> I do think we should use citizen data to schedule shifts though. It makes no sense to me, to have 10 nurses and 15 teachers do full time scheduling in a city of 60,000-100,000 citizens when an algorithm can do it instead. But we can’t, because the GDPR prevents us from using data that way.
Making sure the right staff gets to the right citizens at the right time is a massive undertaking. It’s where 60-80% of our staff works. We have something like 1200 teachers out of 7000 employees for instance.
It’s also an area that’s subject to a lot of requires/shared resources. I mean, you have the regular schedule which takes up a lot of time on its own because you need to find replacements when someone is missing. If I get sick, no one really cares that we go a day without an Enterprise Architect, but if a teacher goes sick, multiple classes will need an replacement.
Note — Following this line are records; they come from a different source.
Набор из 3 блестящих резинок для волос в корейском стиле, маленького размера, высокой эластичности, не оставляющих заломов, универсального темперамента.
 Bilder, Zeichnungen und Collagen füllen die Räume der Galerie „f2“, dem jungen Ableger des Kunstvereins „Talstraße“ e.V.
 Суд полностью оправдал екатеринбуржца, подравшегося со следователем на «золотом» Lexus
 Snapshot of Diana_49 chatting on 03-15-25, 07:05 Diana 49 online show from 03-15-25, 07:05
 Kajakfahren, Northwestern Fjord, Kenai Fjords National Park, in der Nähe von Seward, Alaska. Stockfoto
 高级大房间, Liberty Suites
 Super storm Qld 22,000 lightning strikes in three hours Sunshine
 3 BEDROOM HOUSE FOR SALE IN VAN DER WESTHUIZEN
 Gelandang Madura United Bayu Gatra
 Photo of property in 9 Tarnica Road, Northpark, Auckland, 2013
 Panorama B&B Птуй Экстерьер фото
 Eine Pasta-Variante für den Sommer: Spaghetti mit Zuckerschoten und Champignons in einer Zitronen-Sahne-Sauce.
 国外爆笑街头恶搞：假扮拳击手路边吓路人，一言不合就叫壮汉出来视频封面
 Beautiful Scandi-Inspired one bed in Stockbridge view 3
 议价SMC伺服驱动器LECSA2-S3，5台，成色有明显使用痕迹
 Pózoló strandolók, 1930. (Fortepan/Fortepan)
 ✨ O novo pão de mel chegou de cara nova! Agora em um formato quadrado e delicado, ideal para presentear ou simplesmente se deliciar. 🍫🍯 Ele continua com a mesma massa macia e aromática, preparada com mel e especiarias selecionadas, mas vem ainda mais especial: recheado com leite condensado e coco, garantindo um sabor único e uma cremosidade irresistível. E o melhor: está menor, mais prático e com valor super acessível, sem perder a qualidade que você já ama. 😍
Then there is the irregular stuff like rehabilitation, special school events or a range of things.
Basically it’s so complicated that it takes up the time of several full time positions.
It’s not the kind of complicated that’s not solvable by ML though. Our neighbouring municipality did a PoC on it, and I’m not sure how the procured the rights use the data for it (they probably didn’t), and it turned out that they could automate almost all of the planning and scheduling. Humans still had to make decisions, but it would suggest available resources or alternative schedules making the process much smoother.
That’s a lot of nurses and teachers you could actually put to work, nursing or teaching if it works.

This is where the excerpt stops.